Circ J. 2012 Dec 29;
Authors: Nishino T, Furukawa Y, Kaji S, Ehara N, Shiomi H, Kim K, Kitai T, Kinoshita M, Morimoto T, Sakata R, Kimura T, on behalf of the CREDO-Kyoto PCI/CABG registry cohort-2 investigators
Background:?It is controversial whether angiotensin-converting enzyme inhibitors (ACEI)/angiotensin receptor blockers (ARB) provide significant survival benefits in patients with coronary artery disease (CAD) but without myocardial infarction (MI).
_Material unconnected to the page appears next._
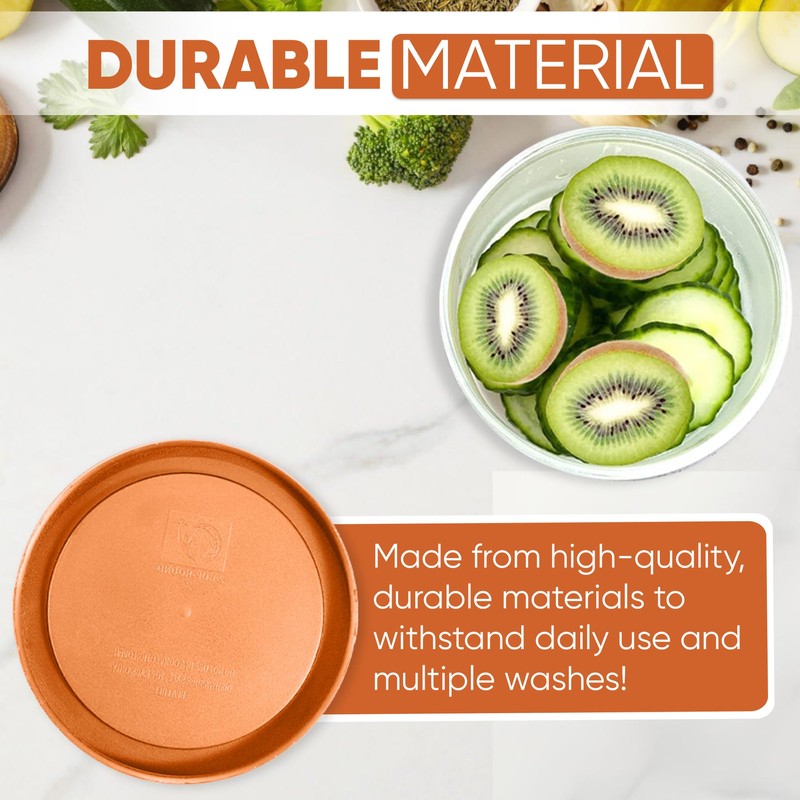 Replacement Lids for Pyrex Containers Round Glass Food Plastic (2)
This study investigated whether the association of ACEI/ARB therapy with clinical outcome in patients undergoing percutaneous coronary intervention (PCI) was affected by history of MI. Methods and Results:?A total of 11,590 patients undergoing first PCI were divided into 2 groups: those with MI and those without MI. All-cause and cardiovascular mortality were compared between the patients with and without ACEI/ARB at discharge in each group. In patients with MI, significantly lower 3-year all-cause/cardiovascular mortality for patients with ACEI/ARB relative to those without ACEI/ARB was noted in the total patients (all-cause: 6.6% vs. 11.7%, P<0.0001; cardiovascular: 3.8% vs. 6.9%, P<0.0001) and in the 1,007 propensity score-matched pairs (all-cause: 8.2% vs. 11.3%, P=0.018; cardiovascular: 3.7% vs. 5.7%, P=0.014). In patients without MI, however, all-cause (5.2% vs. 5.6%, P=0.56) and cardiovascular (3.2% vs. 3.0%, P=0.23) mortality were similar regardless of whether ACEI/ARB were used or not; and similarly in the 2,061 propensity score-matched pairs (all-cause: 4.1% vs. 5.4%, P=0.33; cardiovascular: 1.4% vs. 2.1%, P=0.30). Conclusions:?Use of ACEI/ARB at hospital discharge was associated with lower all-cause/cardiovascular mortality in revascularized CAD patients with MI, but not in those without MI.